Advanced
========
:code:`rashdf` provides convenience methods for generating
Zarr metadata for HEC-RAS HDF5 files. This is particularly useful
for working with stochastic  ensemble simulations, where many
HEC-RAS HDF5 files are generated for different model realizations,
forcing scenarios, or other sources of uncertainty.

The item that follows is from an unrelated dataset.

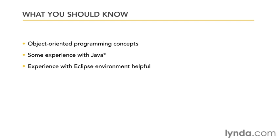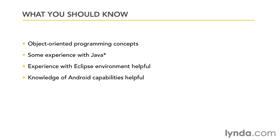Now another thing that's going to be helpful is just a knowledge of Android itself, whether you have an Android phone or you've seen your friend's phone, just to be knowledgeable about what's capable with the Android operating system. So with these basic prerequisites, you should be all set at attempting this course.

To illustrate this, consider a set of HEC-RAS HDF5 files stored
in an S3 bucket, where each file represents a different simulation
of a river model. We can generate Zarr metadata for each simulation
and then combine the metadata into a single Kerchunk metadata file
that includes a new "sim" dimension. This combined metadata file
can then be used to open a single Zarr dataset that includes all
simulations.

The cell timeseries output for a single simulation might look
something like this::

    >>> from rashdf import RasPlanHdf
    >>> plan_hdf = RasPlanHdf.open_uri("s3://bucket/simulations/1/BigRiver.p01.hdf")
    >>> plan_hdf.mesh_cells_timeseries_output("BigRiverMesh1")
    <xarray.Dataset> Size: 66MB
    Dimensions:                              (time: 577, cell_id: 14188)
    Coordinates:
    * time                                 (time) datetime64[ns] 5kB 1996-01-14...
    * cell_id                              (cell_id) int64 114kB 0 1 ... 14187
    Data variables:
        Water Surface                        (time, cell_id) float32 33MB dask.array<chunksize=(3, 14188), meta=np.ndarray>
        Cell Cumulative Precipitation Depth  (time, cell_id) float32 33MB dask.array<chunksize=(3, 14188), meta=np.ndarray>
    Attributes:
        mesh_name:  BigRiverMesh1

Note that the example below requires installation of the optional
libraries :code:`kerchunk`, :code:`zarr`, :code:`fsspec`, and :code:`s3fs`::

    from rashdf import RasPlanHdf
    from kerchunk.combine import MultiZarrToZarr
    import json

    # Example S3 URL pattern for HEC-RAS plan HDF5 files
    s3_url_pattern = "s3://bucket/simulations/{sim}/BigRiver.p01.hdf"

    zmeta_files = []
    sims = list(range(1, 11))

    # Generate Zarr metadata for each simulation
    for sim in sims:
        s3_url = s3_url_pattern.format(sim=sim)
        plan_hdf = RasPlanHdf.open_uri(s3_url)
        zmeta = plan_hdf.zmeta_mesh_cells_timeseries_output("BigRiverMesh1")
        json_file = f"BigRiver.{sim}.p01.hdf.json"
        with open(json_file, "w") as f:
            json.dump(zmeta, f)
        zmeta_files.append(json_file)
    
    # Combine Zarr metadata files into a single Kerchunk metadata file
    # with a new "sim" dimension
    mzz = MultiZarrToZarr(zmeta_files, concat_dims=["sim"], coo_map={"sim": sims})
    mzz_dict = mss.translate()

    with open("BigRiver.combined.p01.json", "w") as f:
        json.dump(mzz_dict, f)

Now, we can open the combined dataset with :code:`xarray`::

    import xarray as xr

    ds = xr.open_dataset(
        "reference://",
        engine="zarr",
        backend_kwargs={
            "consolidated": False,
            "storage_options": {"fo": "BigRiver.combined.p01.json"},
        },
        chunks="auto",
    )

The resulting combined dataset includes a new :code:`sim` dimension::

    <xarray.Dataset> Size: 674MB
    Dimensions:                              (sim: 10, time: 577, cell_id: 14606)
    Coordinates:
    * cell_id                              (cell_id) int64 117kB 0 1 ... 14605
    * sim                                  (sim) int64 80B 1 2 3 4 5 6 7 8 9 10
    * time                                 (time) datetime64[ns] 5kB 1996-01-14...
    Data variables:
        Cell Cumulative Precipitation Depth  (sim, time, cell_id) float32 337MB dask.array<chunksize=(10, 228, 14606), meta=np.ndarray>
        Water Surface                        (sim, time, cell_id) float32 337MB dask.array<chunksize=(10, 228, 14606), meta=np.ndarray>
    Attributes:
        mesh_name:  BigRiverMesh1